Unfortunately our first set of bids came in roughly $3M over our budget, so the District had to decide if we would reduce the scope of work, the quality of work, or some combination of both.
When we started looking at our options, the low general contractor bidder on the HS project also happens to work in construction management.  So the architectural firm who we partnered with on the design and specifications, began conversations with this contractor to see if there was any possible way to look at the bid and try to negotiate down to an agreeable figure.  This was not possible based upon our initial bid as we had too high a percentage of difference between the bid and the budget.
At that point we were approached by this general contractor/construction management about contracting with them to serve in an advisory/liaison role with our architect to assist in reducing the scope of our HS project.  This process has gone well and the District believes we are in a position to publish some prime bid documents to move the HS project forward yet this summer.

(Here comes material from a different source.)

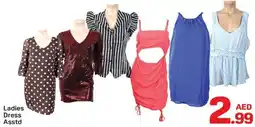 Day To Day Ladies Dress Asstd offer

To be clear though, there are some reductions in scope and some of the amenities that were in the original bid package.  Here is a quick rundown of what we are putting in our base bid:
Stadium with 8 lane track, field turf
Concert hall with roughly 850 seats
Theater with roughly 320 seats
1 new band practice room (not two as there is the dedicated concert hall stage)
1 new choir practice room
New Library
New 2D and 3D art rooms
New “Maker Space” room
New secure entryway into HS
Remodel north-south hallway corridors (new floors, lights, lockers)
We also have a few items that we will put out as alternate bids.  Here are the major pieces:
New parking lot to the west of State St across from the HS
East-West hallway corridor renovations

Please note that while there may be some demolition this summer of 2016, nothing will be finished this summer.  So no new football stadium or concert hall, etc until 2017.
We know that you join us in remaining excited about the future of this construction and we appreciate your patience as we try to coordinate the largest construction project in the history of the school district.